九州の景観行政が着実に進展している。景観法を活用し、景観行政を進める景観行政団体は、九州全体の自治体の2割に当たる48団体となった。景観法に基づく景観計画を策定し、同計画を基に景観条例を制定した自治体は、2007年3月告示の佐賀市を皮切りに、7自治体となっている。
 景観行政団体には、施行時の04年に佐賀市を除く各県、政令市、県庁所在市の計14の県市を認定。その後、05年に6自治体、06年に10自治体、07年に18自治体が認定されており、団体数が年々増加している。鹿児島県内の自治体が最も多く、15自治体となっている。

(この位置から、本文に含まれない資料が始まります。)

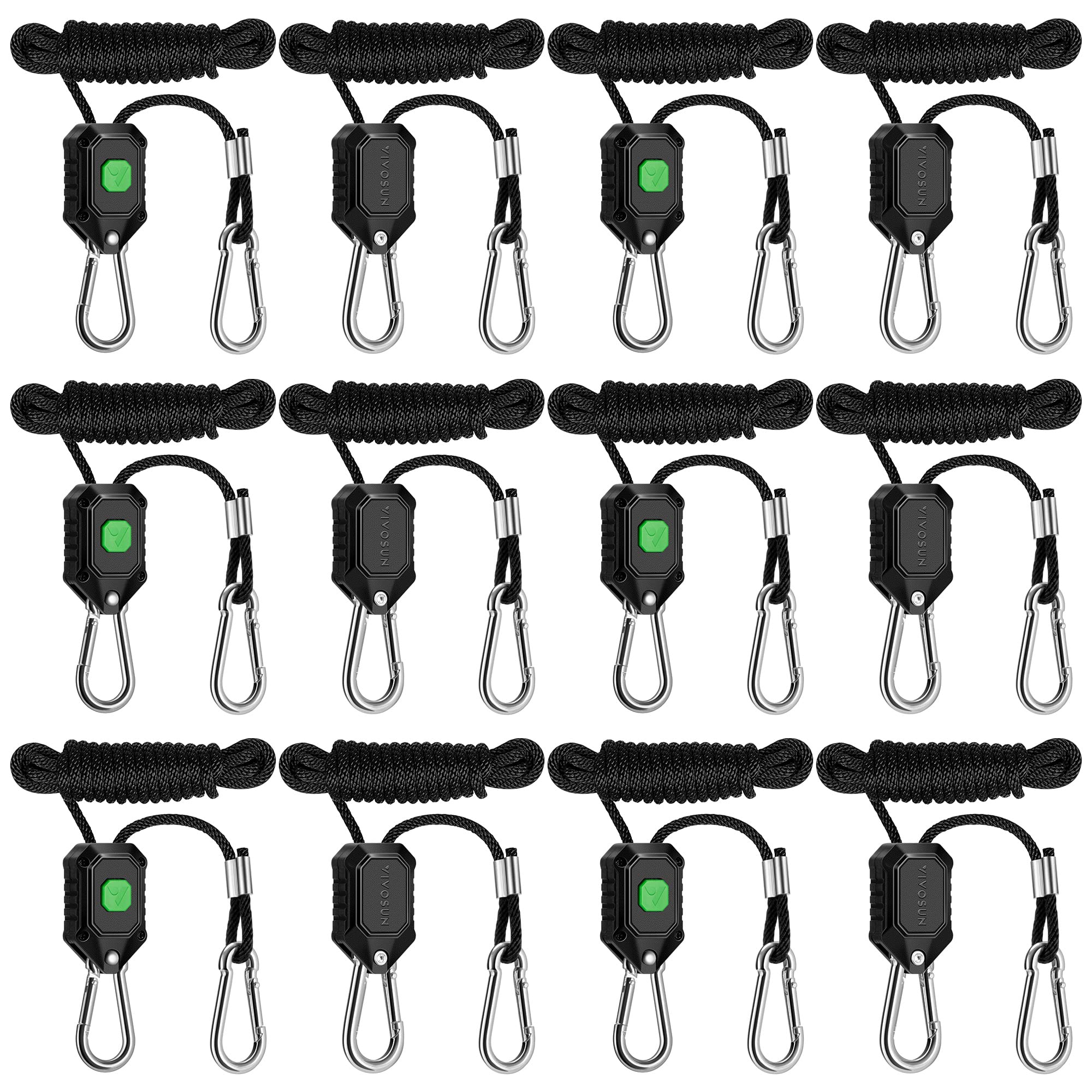 VIVOSUN 6-Pair Adjustable Grow Light Hanger, Heavy Duty, 8Ft Long, 150 lbs Capacity, Green, Polypropylene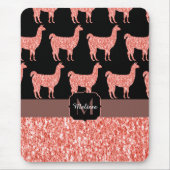 Llama roze koraalglitter Sparkles Monogram Muismat (Voorkant)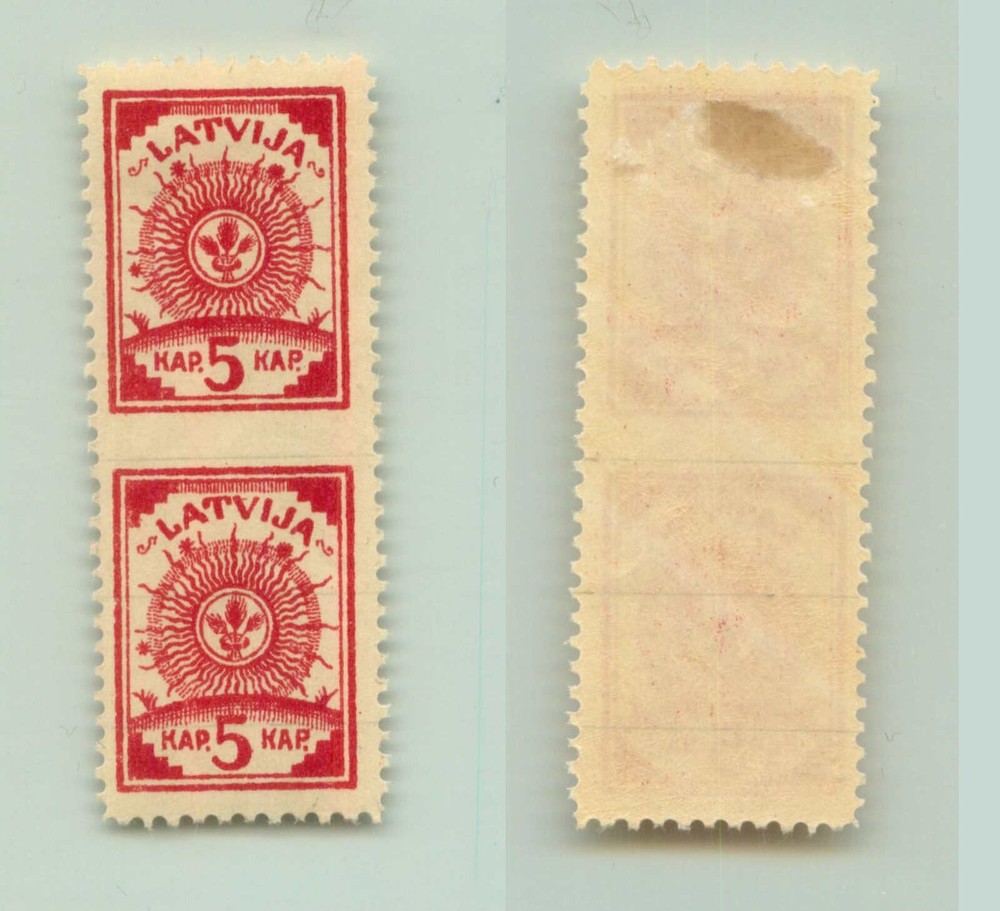 Latvia 1919 SC 6 mint missing perf, pair. rtc2232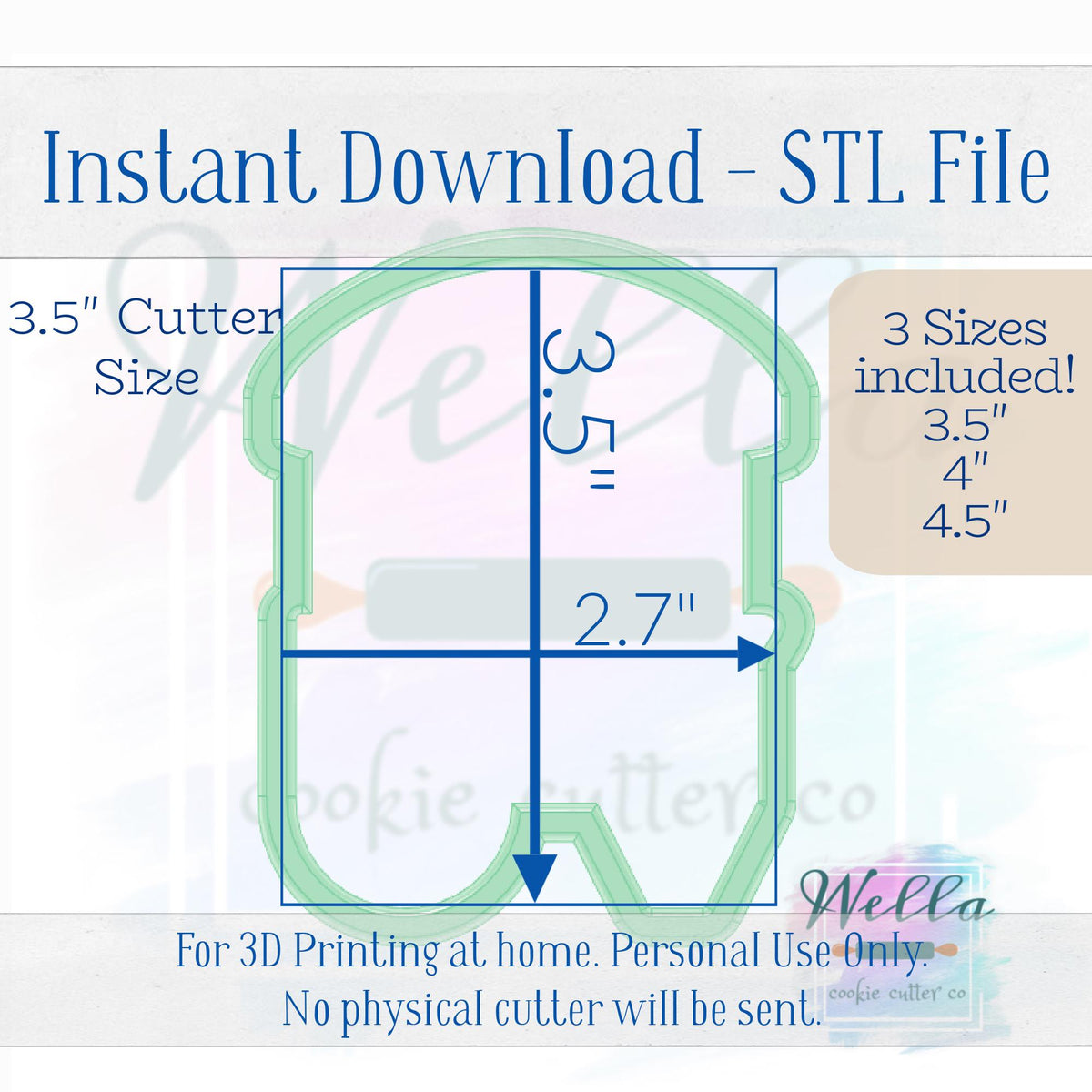 Digital STL File - Lemon Market Cart Cookie Cutter- 3 Sizes: 3.5", 4" and 4.5"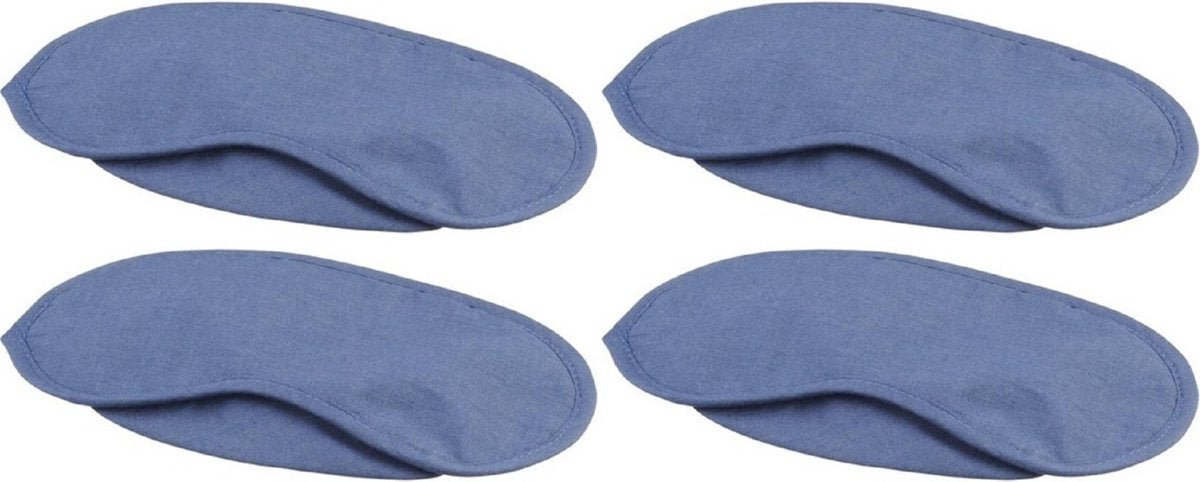 Set van 4x stuks blauw verduisterend oogmasker met 2 banden - Slaapmaskers/Reismaskers - Handig voor op reis/vakantie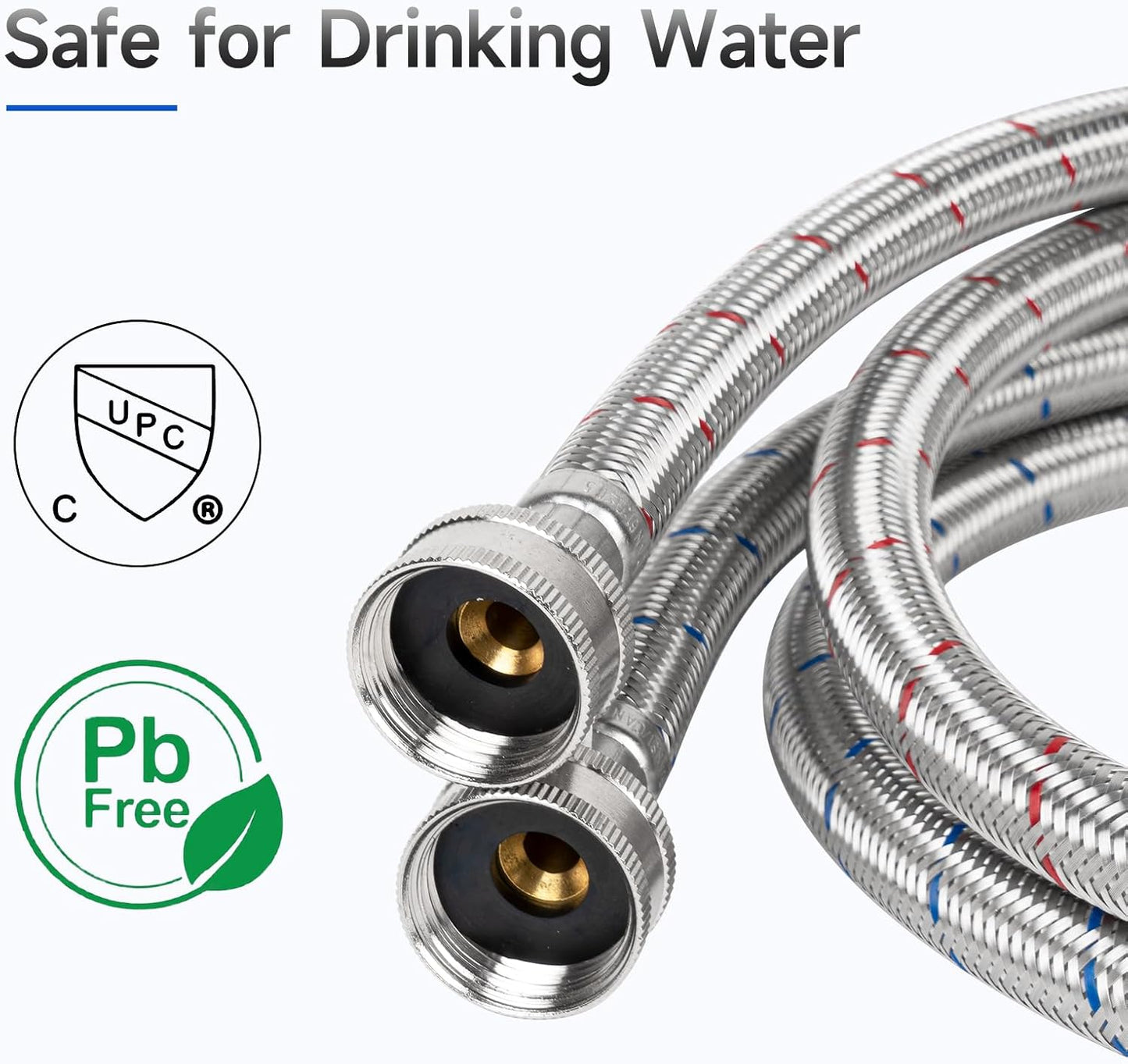 JUWO 4 FT Washing Machine Hoses, 3/4" FHT Stainless Steel Washer Hoses for Short-Distance Water Supply, Red & Blue
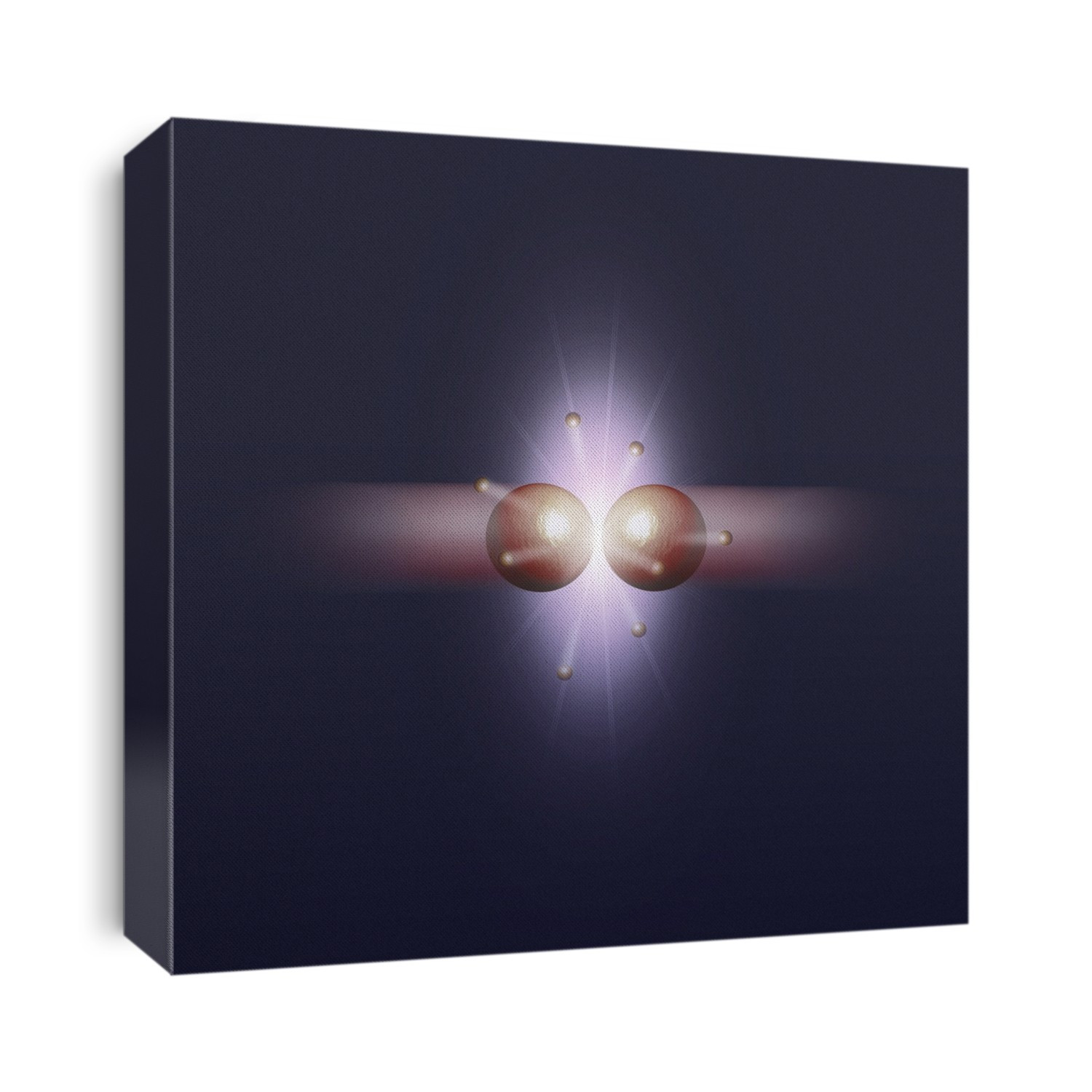Particle collision. Artist's impression of a proton-proton collision creating bosons. Such collisions are produced at the Large Hadron Collider (LHC) at CERN (the European particle physics laboratory) to test predictions in particle physics and high-energy physics. In July 2012 a proton-proton collision resulted in the creation of a particle consistent with the predicted Higgs boson. The particle was not seen, but was revealed through its decay products; a pair of Z bosons that each decayed into a pair of muons. In the Standard Model, the Higgs boson is used to explain why particles have mass.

同記事では、九州における景観行政団体の増加状況を紹介。同記事後段では、鹿児島市宮崎市の景観計画の策定の様子も記されている。
2007年12月1日現在の国土交通省の調べでは、308の自治体が景観行政団体へ移行している。都道府県、政令指定都市中核市は、「自動移行型」の仕組みを採用しているため、実際に景観法移行後、都道府県との協議を経て、景観行政団体へ「自主移行」した自治体は209となる。九州は確かに多くの自治体が「自主移行(協議移行)」している模様だが、愛媛県のようにほぼ全ての市町村が移行する県もあり、都道府県間での独自性が興味深い。
個人的には、景観条例や計画の内容とともに、都道府県と市町村間での協議に関心がある。国土交通省等によると、協議については次のようにあり*1、市町村側から都道府県に対して、景観行政団体移行への協議の要請があった場合、ほぼ「自動移行」となるようにも読める。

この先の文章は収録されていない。